■ **INFORMATION PROVIDED**
"""

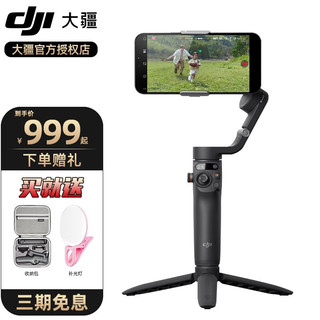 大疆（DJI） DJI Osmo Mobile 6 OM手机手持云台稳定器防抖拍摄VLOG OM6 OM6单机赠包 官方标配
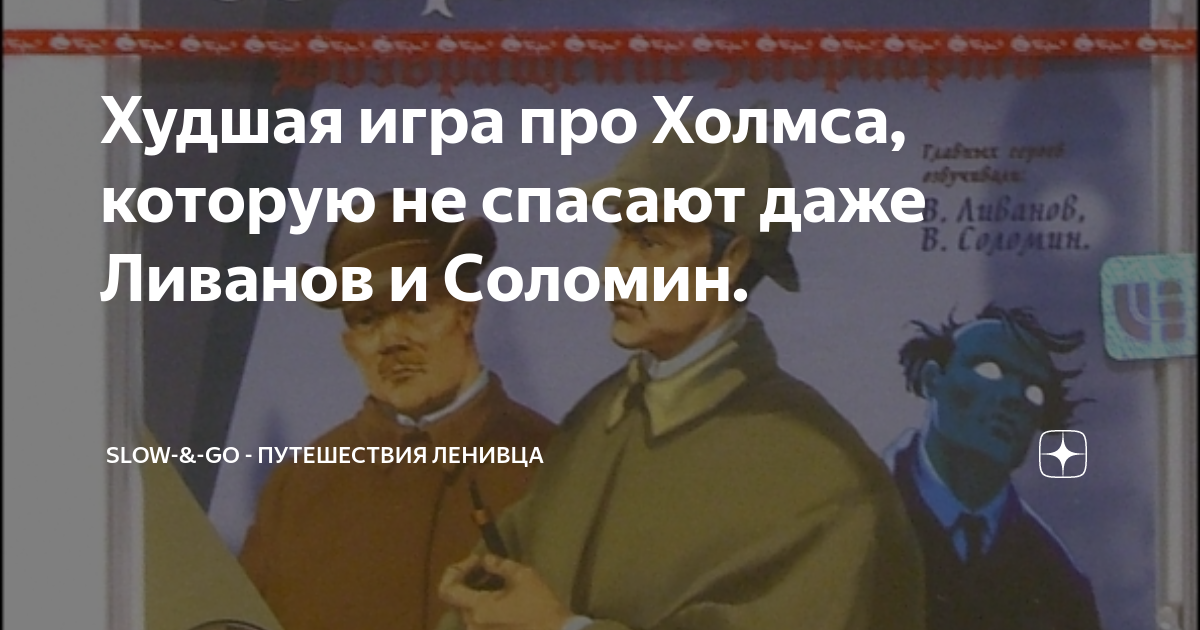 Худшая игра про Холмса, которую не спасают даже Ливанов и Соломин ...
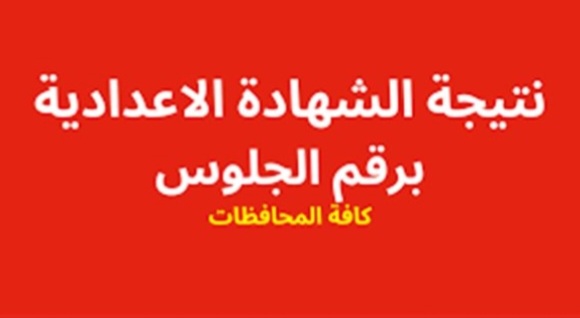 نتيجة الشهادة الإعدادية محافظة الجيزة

"""
"""

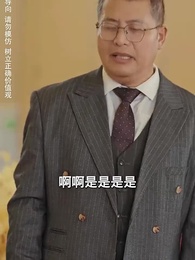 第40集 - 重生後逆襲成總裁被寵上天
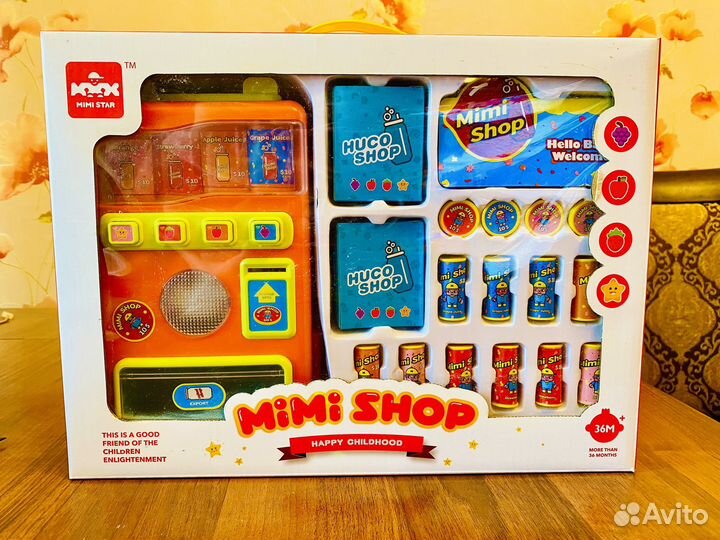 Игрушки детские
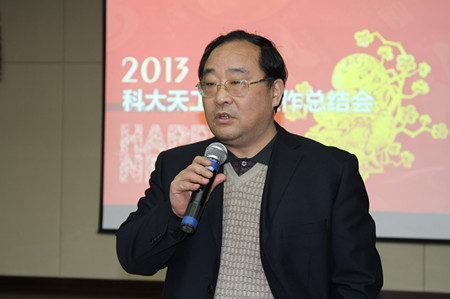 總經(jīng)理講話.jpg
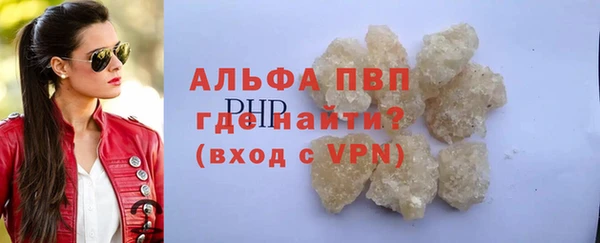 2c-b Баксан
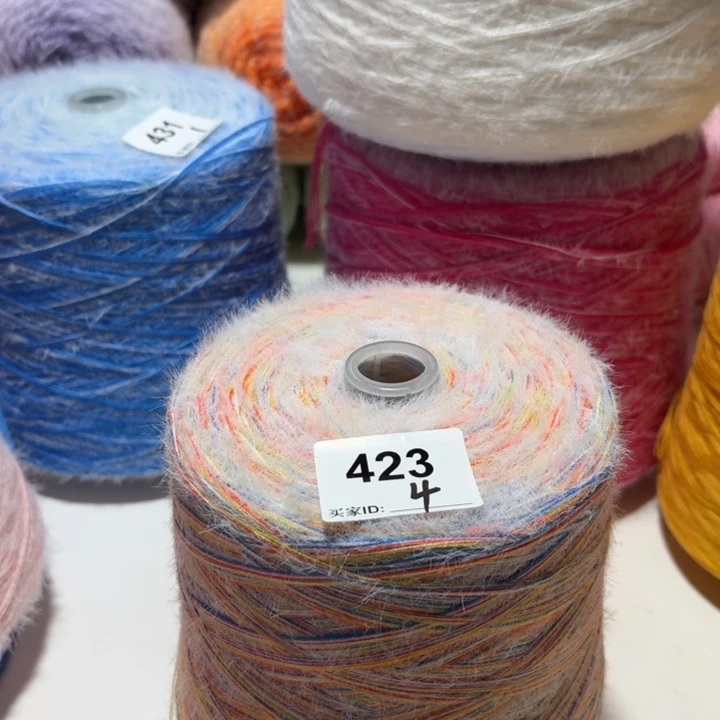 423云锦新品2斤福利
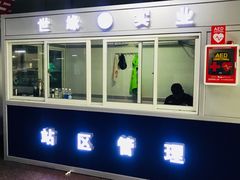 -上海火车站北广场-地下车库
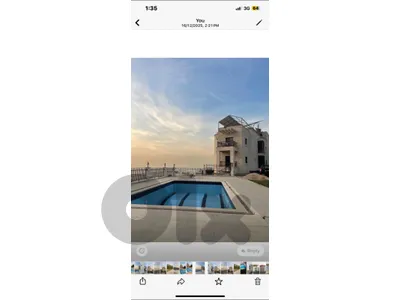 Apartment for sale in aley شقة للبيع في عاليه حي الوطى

"""
"""

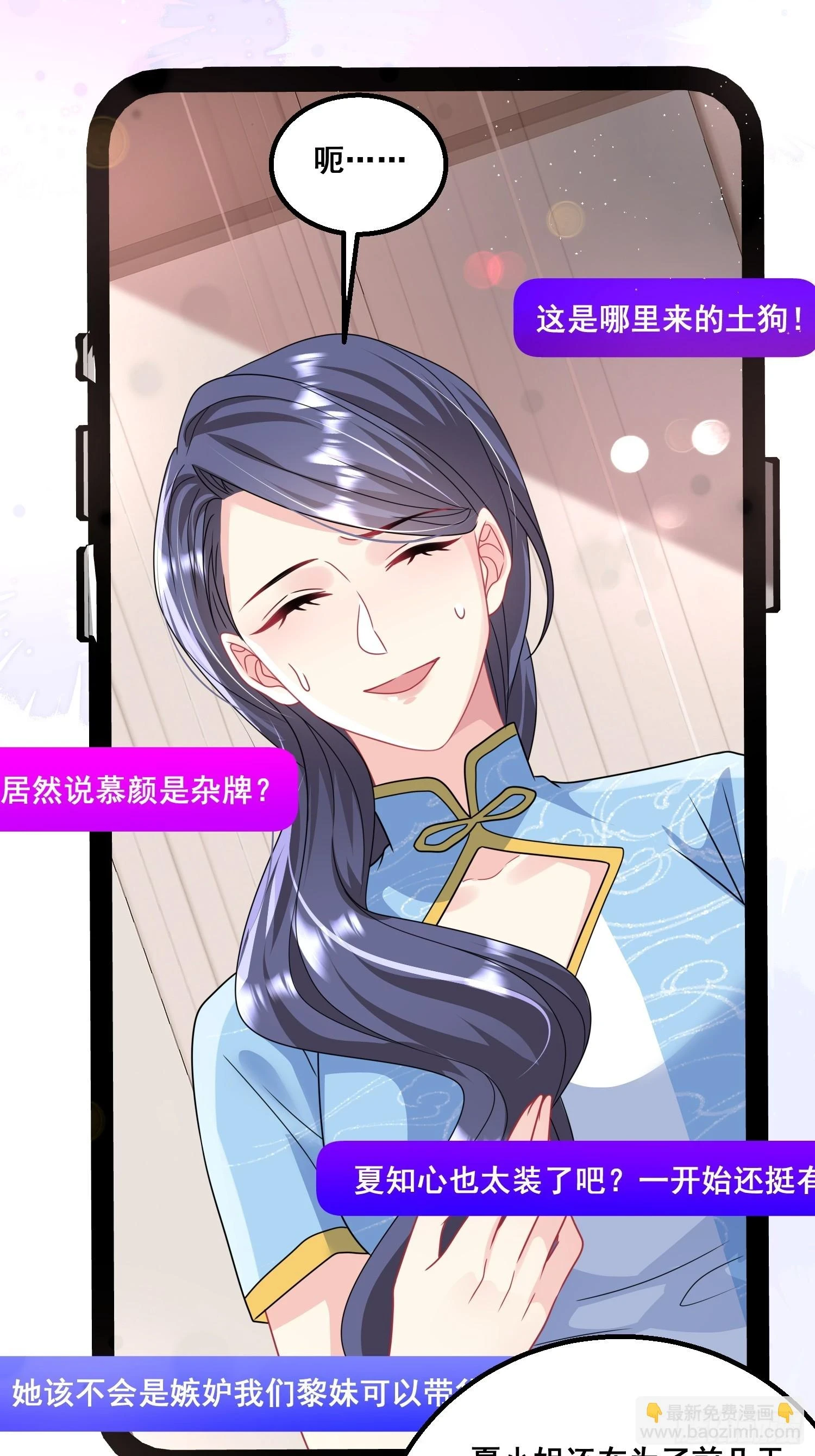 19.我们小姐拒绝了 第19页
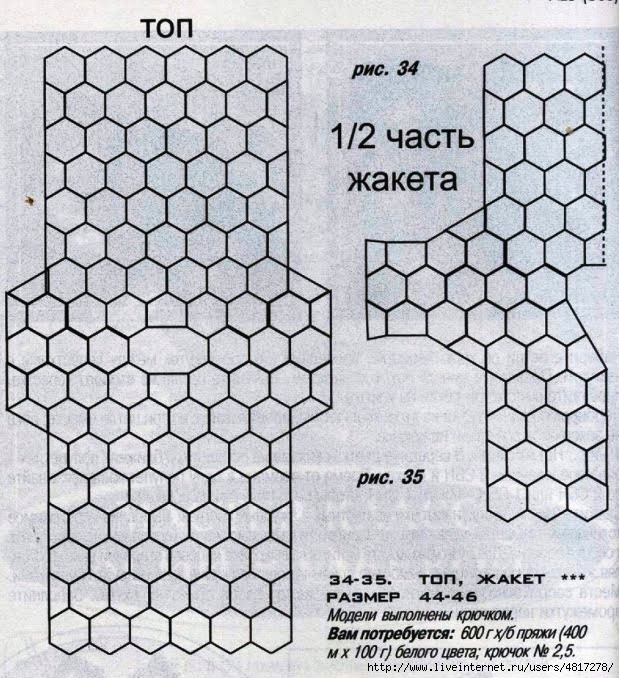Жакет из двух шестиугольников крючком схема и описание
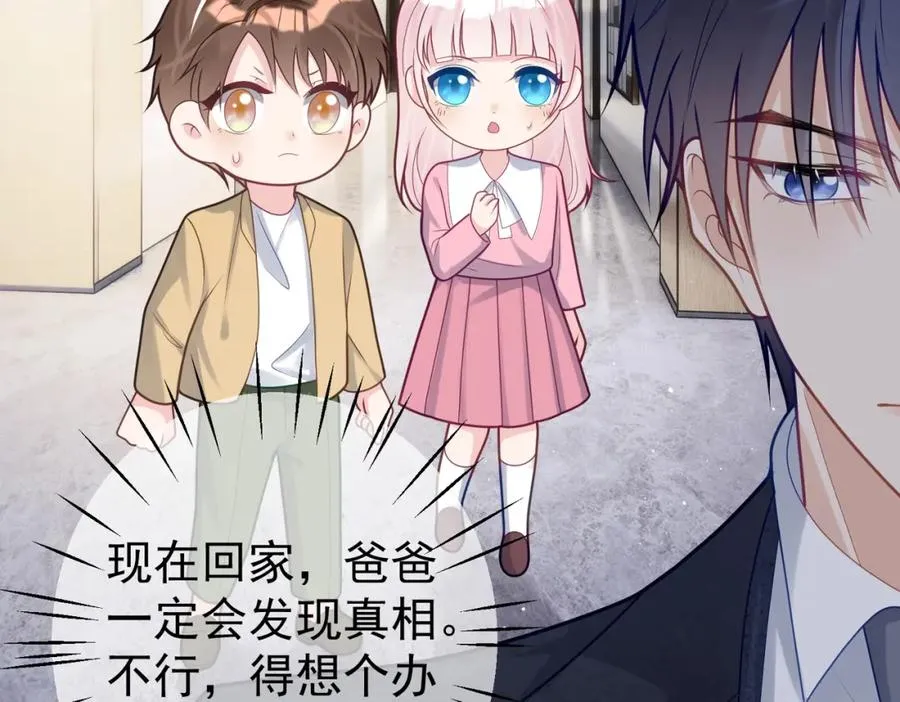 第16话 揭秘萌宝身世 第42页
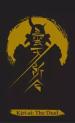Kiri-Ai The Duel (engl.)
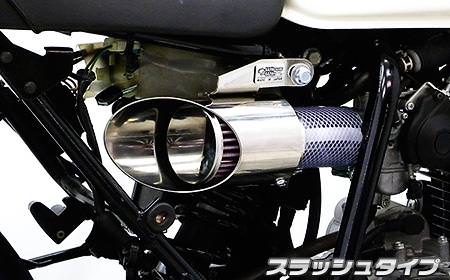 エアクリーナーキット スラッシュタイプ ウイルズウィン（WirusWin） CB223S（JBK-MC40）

"""

Once the line with "Kiri-Ai The Duel (engl.)" is found above, transcribe each line from it through the line with "エアクリーナーキット スラッシュタイプ ウイルズウィン（WirusWin）", exactly, and omit the pictures.

Kiri-Ai The Duel (engl.)
 エアクリーナーキット スラッシュタイプ ウイルズウィン（WirusWin） CB223S（JBK-MC40）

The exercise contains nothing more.